[BUG]Dependency Issues with MFA Installation and Chinese Tokenization Support

Debugging checklist

[x] Have you read the troubleshooting page (https://montreal-forced-aligner.readthedocs.io/en/latest/user_guide/troubleshooting.html) and searched the documentation to ensure that your issue is not addressed there?
[x] Have you updated to latest MFA version (check https://montreal-forced-aligner.readthedocs.io/en/latest/changelog/changelog_3.0.html)? What is the output of mfa version?
[x] Have you tried rerunning the command with the --clean flag?

Describe the issue I encountered an ImportError requiring Chinese tokenization support, which conflicts with numpy and sklearn versions.

I installed MFA via conda, and the version of numpy is 1.26.4.

I tried aligning on a Mandarin corpus, but the terminal prompted that I needed to install dependencies.

ImportError: Please install Chinese tokenization support via pip install spacy-pkuseg dragonmapper hanziconv.

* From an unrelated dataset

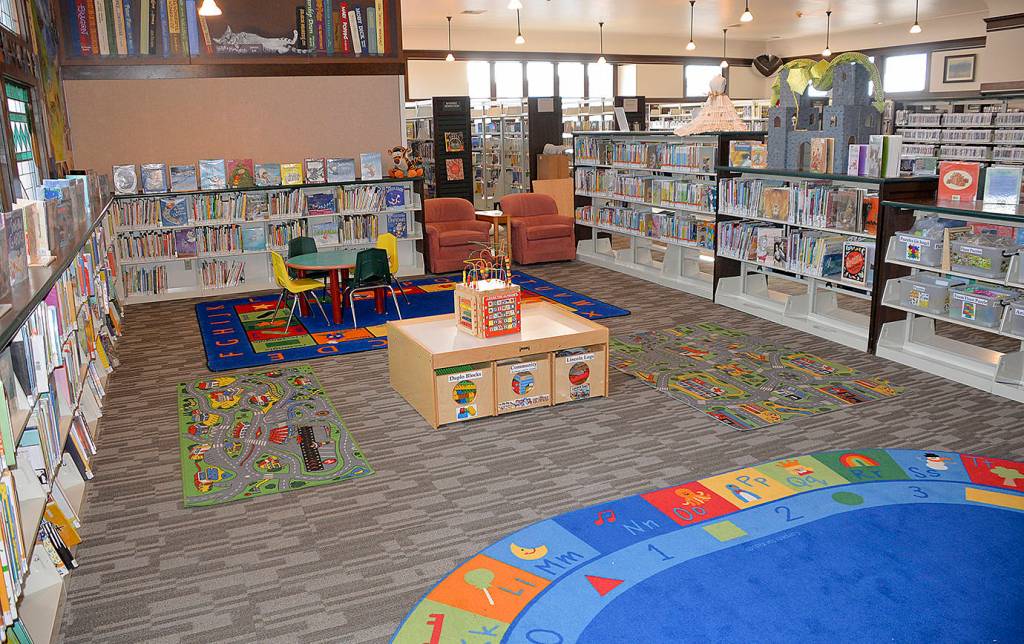 Photos by DAN HAMMOCK | GRAYS HARBOR NEWS GROUP                                 ABOVE: The childrens area of the Hoquiam Timberland Library is colorful and airy.                                RIGHT: Laurie Enholm arranges a piece of carpeting at the library on Friday morning.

However, spacy-pkuseg requires numpy>=2.0.0. I attempted to run the command provided in the error message, which updated Numpy to 2.0.2. However, if I install Numpy 2.0.2, the dependency installed with MFA is sklearn 1.2.2, and these two packages seem to conflict. I encountered an error:

ValueError: numpy.dtype size changed, may indicate binary incompatibility. Expected 96 from C header, got 88 from PyObject

And I found a solution here: StackOverflow, which suggested downgrading numpy to 1.26.4.

I ultimately found a temporary solution by specifying an older version of spacy-pkuseg:

pip install spacy-pkuseg==0.0.33

This version only need numpy>=1.19.0.

I hope MFA can resolve this dependency issue and update the documentation, as there are no instructions indicating that I need to install these dependencies, but I receive a prompt when executing mfa align ....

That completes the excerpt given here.